Data listing →
*** Begin section ***

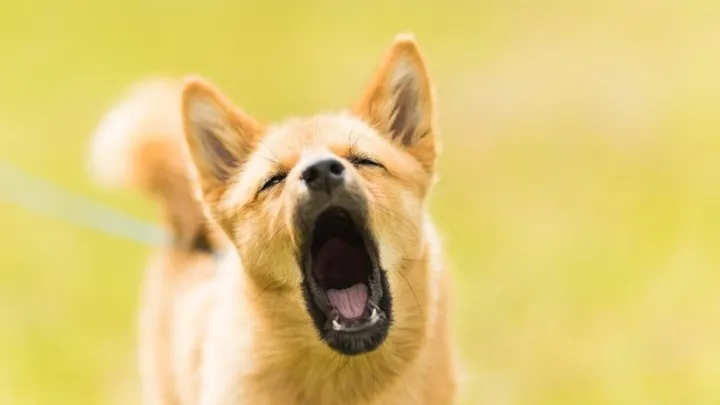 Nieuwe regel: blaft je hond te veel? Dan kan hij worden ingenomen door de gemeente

*** End section ***
*** Begin section ***

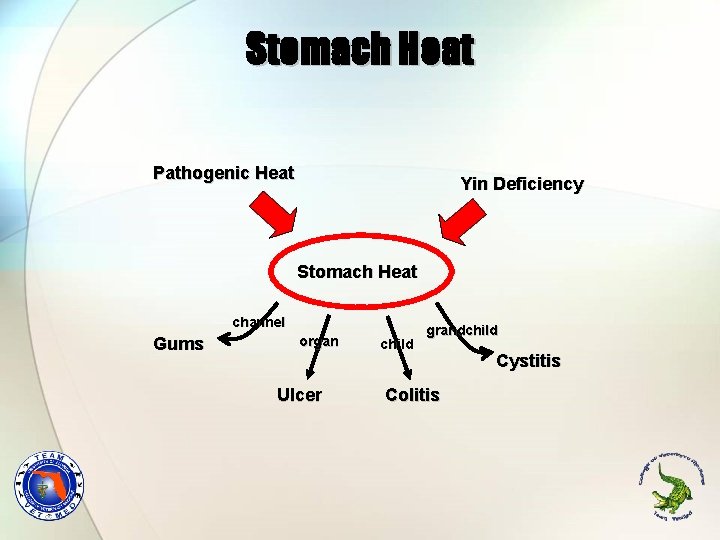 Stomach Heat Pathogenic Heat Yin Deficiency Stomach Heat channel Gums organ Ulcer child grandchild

*** End section ***
*** Begin section ***

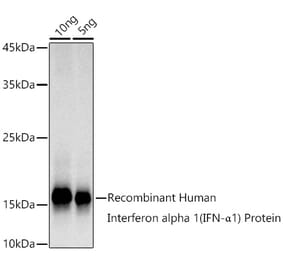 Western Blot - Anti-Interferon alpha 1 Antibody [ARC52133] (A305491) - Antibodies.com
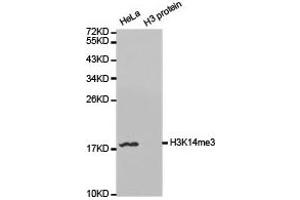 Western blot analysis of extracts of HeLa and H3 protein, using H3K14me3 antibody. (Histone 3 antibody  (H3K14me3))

*** End section ***

Assignment → Using the entries above, transcribe every line from the line containing "Western Blot - Anti-Interferon" through the line containing "Western blot analysis". Do not copy pictures.

The answer →
 Western Blot - Anti-Interferon alpha 1 Antibody [ARC52133] (A305491) - Antibodies.com
 Western blot analysis of extracts of HeLa and H3 protein, using H3K14me3 antibody. (Histone 3 antibody  (H3K14me3))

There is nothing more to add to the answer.